Resulta cuanto menos paradójico que un Gobierno trufado de supuestos liberales se inmiscuya sin recato en la gestión de una empresa privada, como Iberia, que lucha por sobrevivir al naufragio general de la industria aérea. Una industria que se ha visto zarandeada durante los últimos años por la endémica inestabilidad de los precios del petróleo, por la irrupción de las compañías de bajo coste y por el notable retroceso de la demanda derivado de la crisis económica. Problemas todos ellos a los que las aerolíneas tradicionales, en España y fuera de España, han tenido que hacer frente con el pesado lastre de unas estructuras sobredimensionadas y obsoletas, a duras penas soportables incluso en los ya lejanos tiempos de bonanza.

Para no afrontar el incierto futuro en solitario, los grandes operadores han sellado complejas alianzas, casi siempre con otros de menor tamaño, en busca de ahorros y también de mercados adicionales. Sólo en Europa, este proceso de concentración dio lugar, por ejemplo, a la compra de Austrian Airlines y Swiss Air por Lufthansa, y de la holandesa KLM por Air France. En Estados Unidos, donde la navegación aérea sufrió su particular vía crucis tras los atentados terroristas del 11-S, las fusiones llegaron al punto de inducir un cambio en el liderazgo mundial, del que fue desposeído Delta en 2010 como consecuencia del sonado matrimonio entre United Airlines y Continental.

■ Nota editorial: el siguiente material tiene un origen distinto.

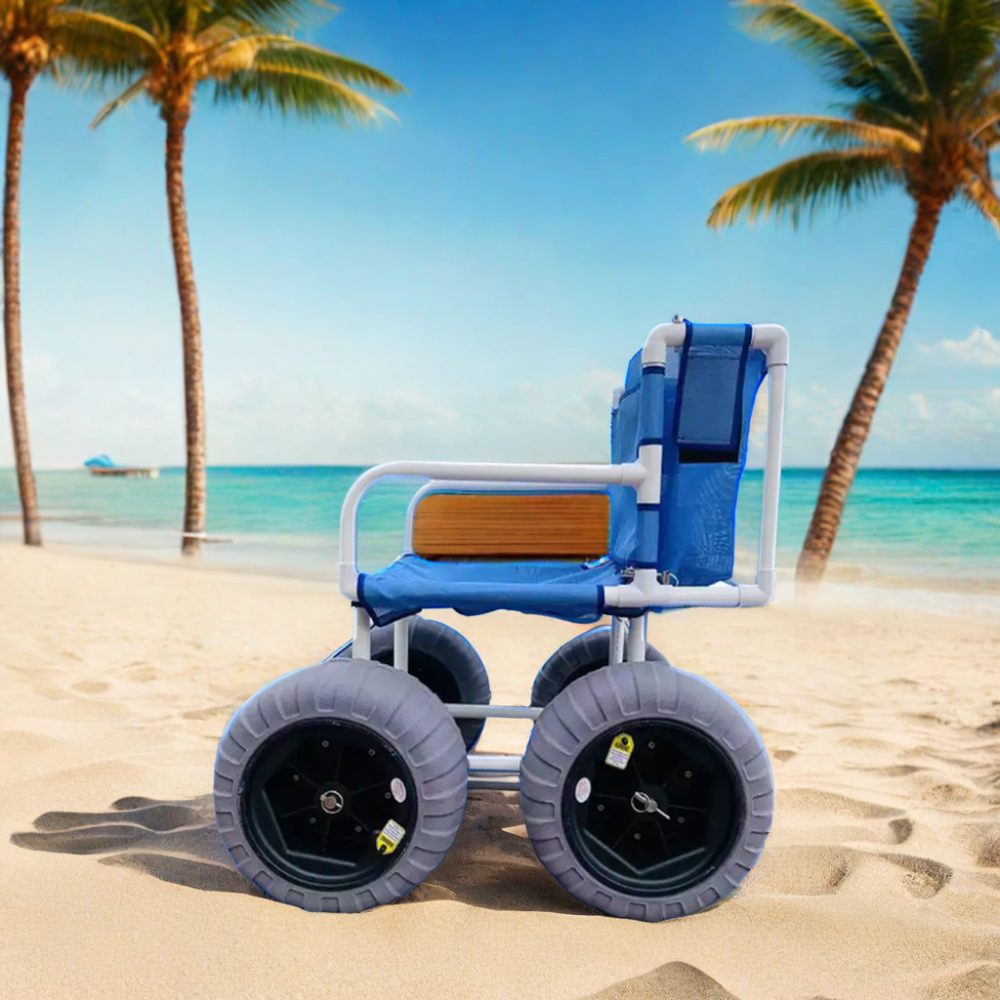 Beach wheelchair with 16 inch big wheels PVC foldable sand wheelchair comfortable disabled light weight leisure wheelchair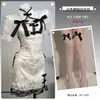 Vestido Qipao Sexy de Seda Inspirado em Borboleta com Mangas Bufantes Estampadas de Botão Uniforme Cosplay Lolita Panda Maid A784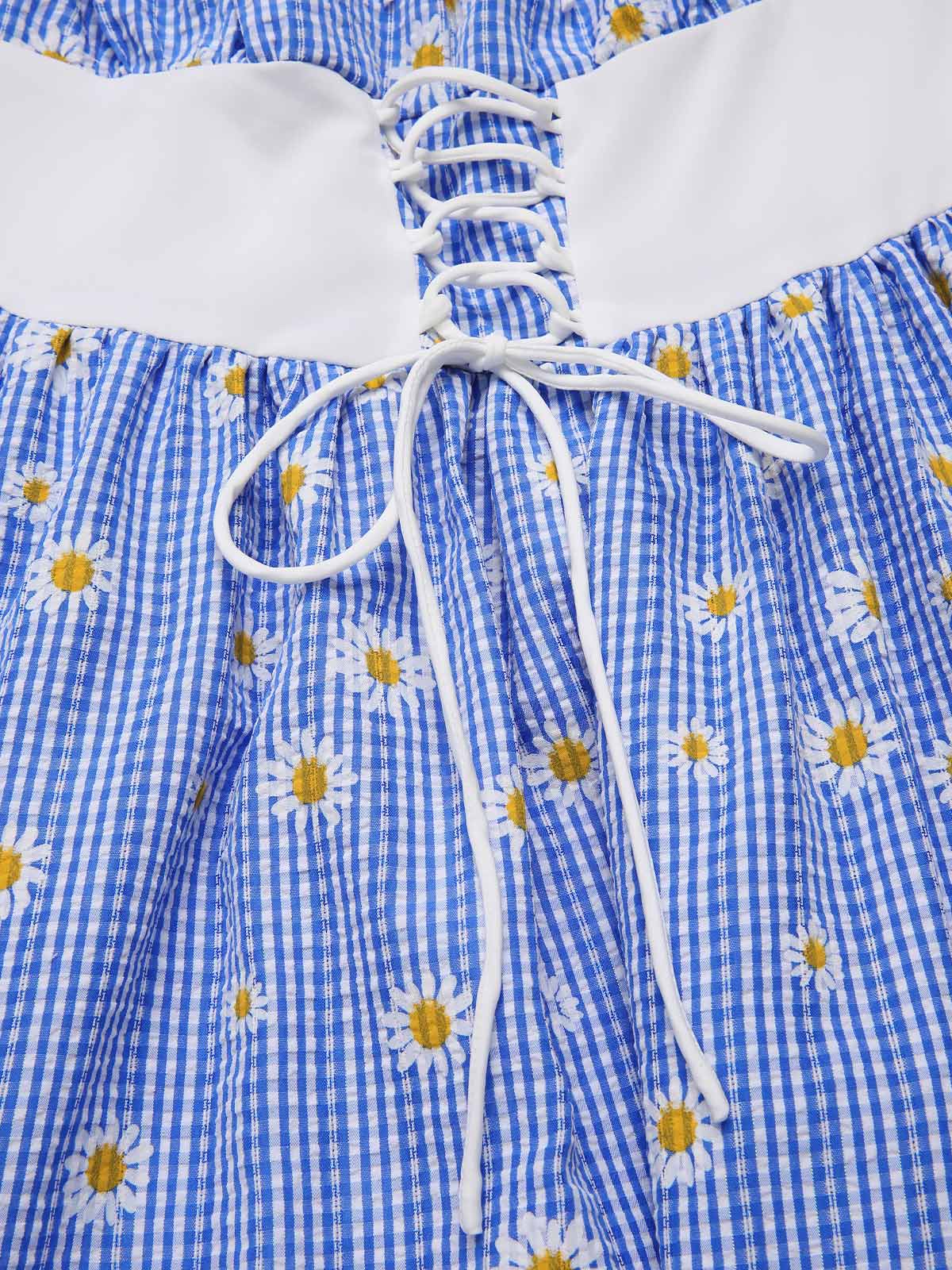 Blue 1950s Off-Shoulder Plaids Daisy Lace-Up Dress - Image 6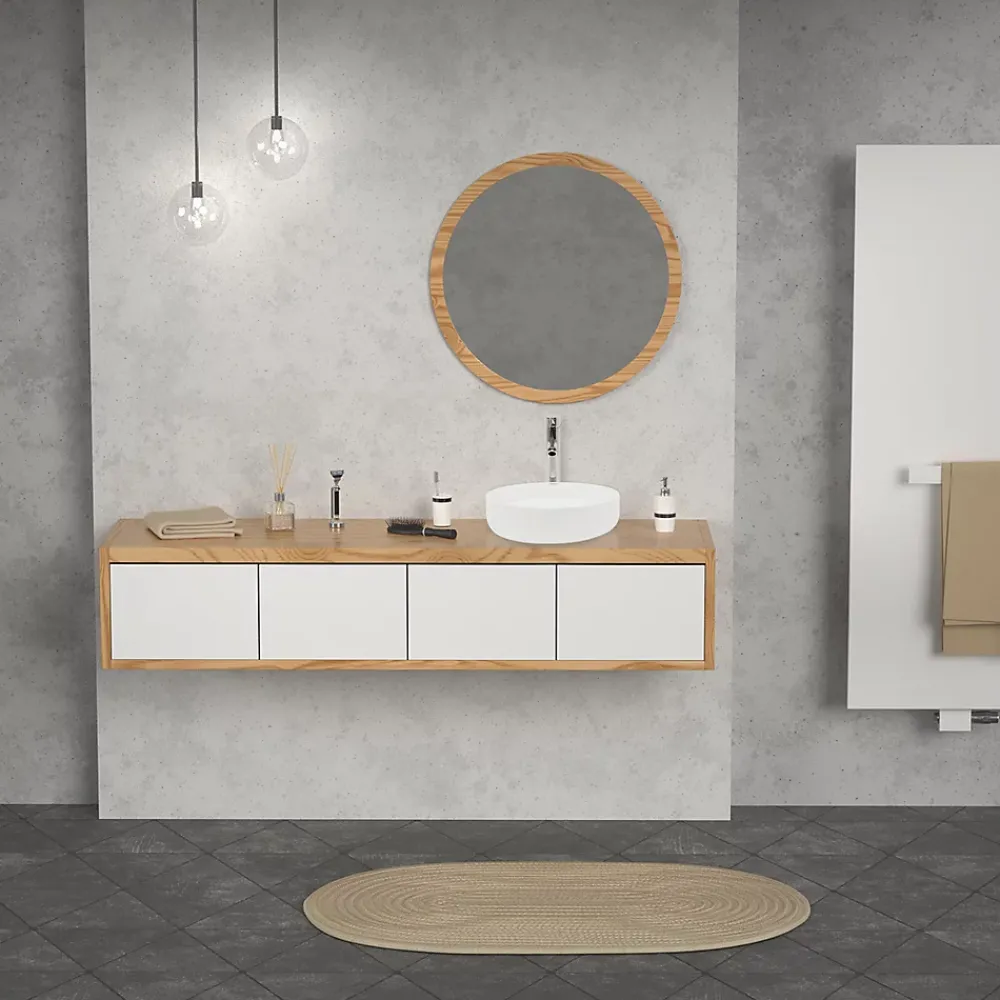 Vasque À Poser|ECD Germany Évier céramique vasque a poser ronde moderne lave-mains salle de bain 355 mm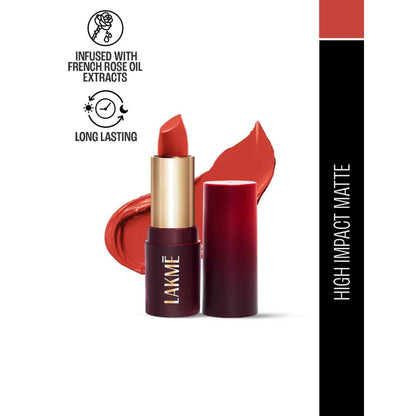 Lakme Forever Matte Lipstick, Made With French Rose Oil Extracts - Brown Chili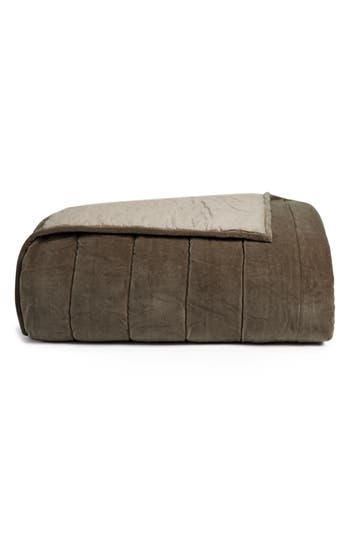 Parachute Washed Velvet Quilt In Gray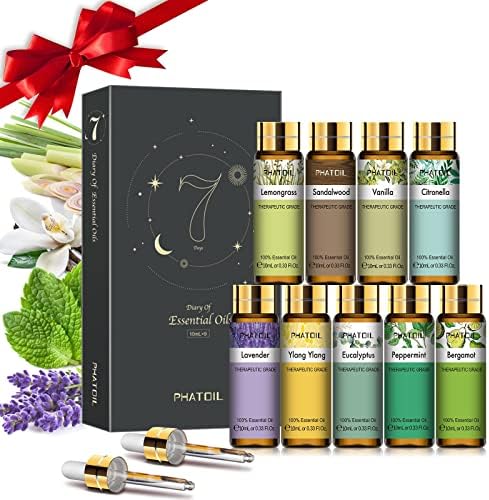 Phatoil Coffret d'Huiles Essentielles Bio pour diffuser 9 x 10 ml, Citronnelle-1, Bois de Santal, Vanille, Citronnelle-2, Lavande, Ylang, Eucalyptus, Menthe Poivrée, Bergamote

Precisamente ese mismo año, después de interminables negociaciones, British Airways e Iberia sentaron las bases para constituir International Air Group (IAG), holding al que desde entonces corresponde la propiedad y el control de ambas compañías. Por cierto que aquel acuerdo fue apoyado con entusiasmo por el gobierno regional de Madrid, que a la sazón presidía Esperanza Aguirre, pues llevaba aparejado el refuerzo del aeropuerto de Barajas, uno de los principales motores económicos de la comunidad.

Que la fusión con British era el punto de partida para importantes cambios en la antigua aerolínea española de bandera no pasaba inadvertido a nadie y de ahí las reticencias con que fue acogida por algunos colectivos de Iberia. Una de las novedades fue la creación de Iberia Express para la explotación de rutas de corto y medio radio a precios más competitivos, imposibles de asumir con los costes estructurales de la matriz. La iniciativa puso en pie de guerra a buena parte de los trabajadores, en particular los pilotos, temerosos de un progresivo vaciamiento de la actividad de Iberia a favor de su filial, donde las condiciones laborales son mucho peores.

Aún sin resolver ese conflicto, la dirección anunció hace pocas semanas un plan de ajuste que incluye 4.500 despidos y que fue respondido con la convocatoria de varias jornadas de huelga en plenas fechas navideñas. Para justificar sus pretensiones, Iberia aludió a graves problemas de viabilidad, fruto de que sólo 10 de las 64 rutas que explota actualmente son rentables. Suprimir las más deficitarias es otro de los objetivo del plan, que prevé la suspensión de algunos vuelos a Latinoamérica, como los que enlazan Madrid con Santo Domingo y La Habana.

Ante el impacto social y en la imagen de la marca España que el repliegue de Iberia entrañaría, el Gobierno la ha emprendido contra la dirección, haciendo gala de una dosis intolerable de fariseísmo. Primero, porque la brutal reducción de plantilla no es ajena a las facilidades que, gracias a Rajoy y su reforma laboral, hoy existen en nuestro país para el despido. Y, en segundo lugar, porque fue otro Gobierno del PP el que sacó a Iberia de la órbita del Estado, dentro del programa de privatizaciones impulsado por Aznar. ¿Acaso entonces Iberia no era estratégica. Y, si lo era, ¿por qué la vendieron?